Artinya, belalang adalah salah satu hama yang menjadi musuh masyarakat tani. Karena eksplosi serangan hama belalang yang tidak mampu atau terlambat dikendalikan atau diatasi, apalagi dibiarkan begitu saja, sesuai pengalaman empirik yang terjadi selama ini, menyebabkan bencana yang membawa penderitaan bagi masyarakat yaitu kelaparan dan rawan gizi karena terjadi krisis sumber bahan makanan pokok.
Upaya pengendalian hama belalang di Sumba Timur beberapa bulan lalu, adalah tindakan kuratif yang tepat dan memang harus dilakukan oleh pemerintah dan stakeholders lainnya, dalam rangka untuk melindungi masyarakat dari ancaman bencana kelaparan dan rawan gizi.
Tindakan kuratif tersebut berhasil secepat sehingga masyarakat merasa nyaman dalam menghadapi musim tanam pertama tahun ini. Di samping itu, upaya pengendalian secara preventif atau antisipatif perlu juga dilakukan sedini mungkin dengan melakukan refleksi yang cermat dan serius terkait permasalahan yang menjadi faktor penyebab sering munculnya eksplosi hama belalang di Pulau Sumba.
Bala lingkungan hidup
Kasus eksplosi serangan hama belalang kumbara di Indonesia sudah terjadi sejak 140 tahun yang lalu, ketika menyerang tanaman padi di Pulau Halmahera pada 1877. Beberapa daerah provinsi yang pernah dilanda hama belalang yaitu Sulawesi Utara, Sulawesi Tenggara, Sumatra Selatan, Kalimantan Tengah, Kalimantan Barat, dan Nusa Tenggara Timur (NTT).

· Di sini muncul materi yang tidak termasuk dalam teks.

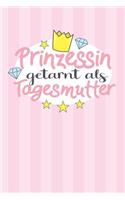 Prinzessin getarnt als Tagesmutter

Khususnya di Provinsi NTT, tercatat bahwa awal mula eksplosi serangan hama belalang kumbara terjadi di Pulau Sumba sejak 1973. Serangan belalang ini berlangsung sampai dengan 1975. Dua puluh empat tahun kemudian, belalang yang sama muncul lagi di Pulau Sumba dan berlangsung dari 1999 sampai 2002. Empat belas tahun kemudian yaitu 2016 terjadi lagi serangan hama belalang yang sama juga, kemudian menghilang sebentar saja, dan tahun 2017 kembali lagi secara eksplosif.

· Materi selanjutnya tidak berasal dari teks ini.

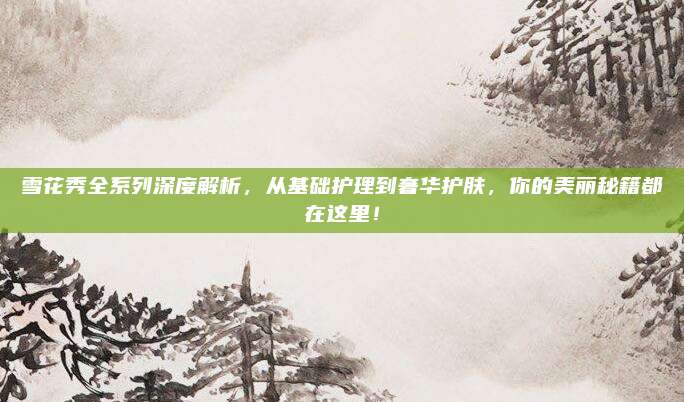 雪花秀全系列深度解析，从基础护理到奢华护肤，你的美丽秘籍都在这里！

Eksplosi belalang yang sering melanda Pulau Sumba ini, sebagaimana menjadi perbincangan banyak orang, termasuk di dunia maya seperti facebook, dianggap sebagai "bala" dari Tuhan dan juga para leluhur. Walaupun anggapan ini tidak merupakan kebenaran yang mutlak, namun ada benarnya juga.

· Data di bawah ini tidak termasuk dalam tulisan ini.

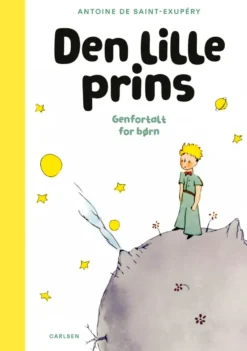 Den lille prins - Genfortalt for børn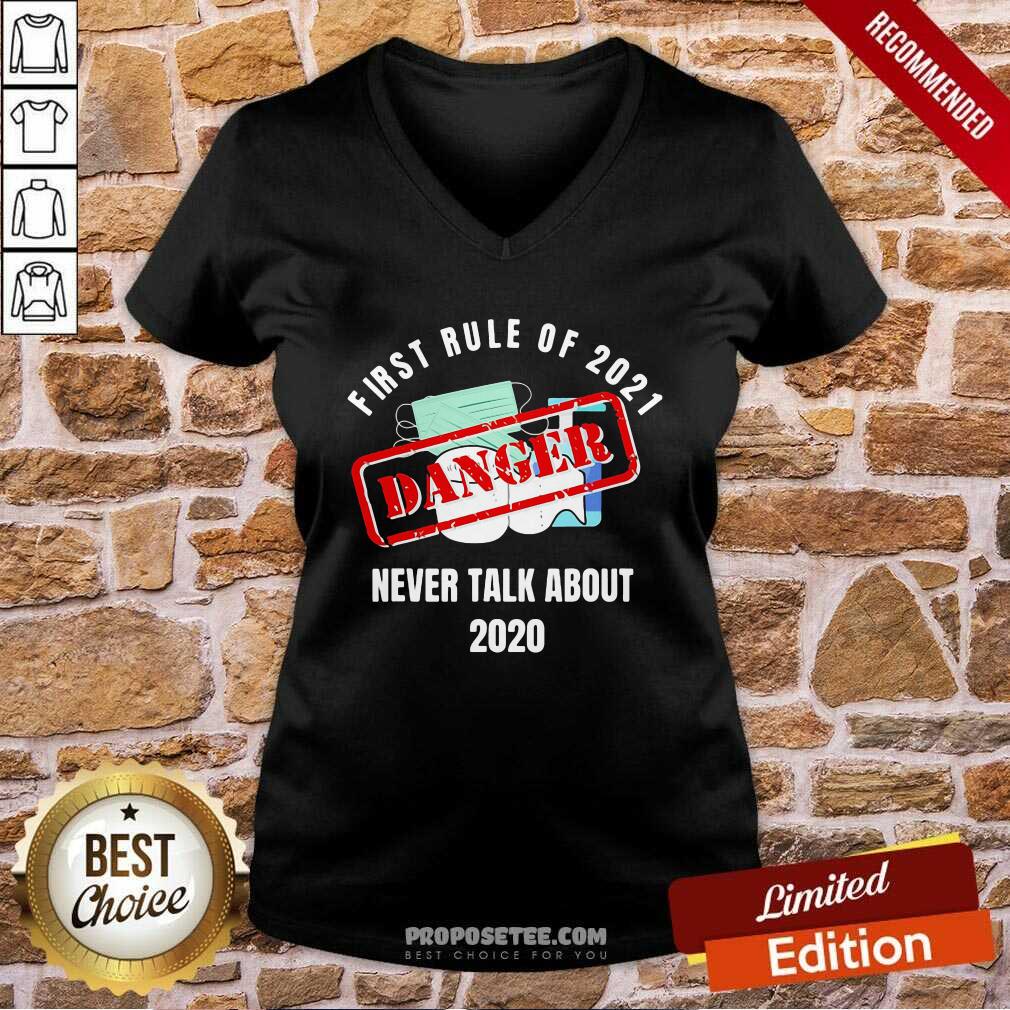 Original First Rule Of 2021 Never Talk About Danger Mask Toilet Paper 2020 Shirt - Image 3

Menurut penulis sendiri, eksplosi hama belalang kumbara di Sumba, diakui atau tidak, memang bisa dikatakan sebagai "bala" tapi "bala masalah lingkungan hidup". Perlu diketahui bahwa belalang jenis kumbara ini tidak datang dari mana-mana, senyatanya memang ada saja di Pulau Sumba. Besar kecilnya populasinya sangat ditentukan oleh faktor keadaan alam dan lingkungan hidup.
Pada keadaan ekosistem lingkungan hidup yang normal, maka perkembangbiakan dan populasi belalang tersebut normal juga. Karena burung-burung pemakan belalang akan menjadi predator yang menekan perkembangbiakan dan jumlah populasi belalang. Sehingga populasi belalang tidak mengalami eksplosi dan menjadi hama pada tanaman pangan.
Sebaliknya, pada keadaan ekosistem lingkungan hidup yang tidak normal atau rusak, maka perkembangbiakan belalang tersebut akan leluasa dan jumlah populasinya terus meningkat. Karena burung-burung sebagai predatornya sudah sangat berkurang atau langka dan bahkan punah. Sehingga populasi belalang mengalami eksplosi dan menjadi hama pada tanaman pangan.
Kita tahu bersama bahwa ekosistem lingkungan hidup alam Sumba sudah lama mengalami masalah. Burung-burung endemik sumba seperti Julang Sumba, kaka tua, dan burung dara (rawa) sudah sangat langka dan bahkan hampir punah.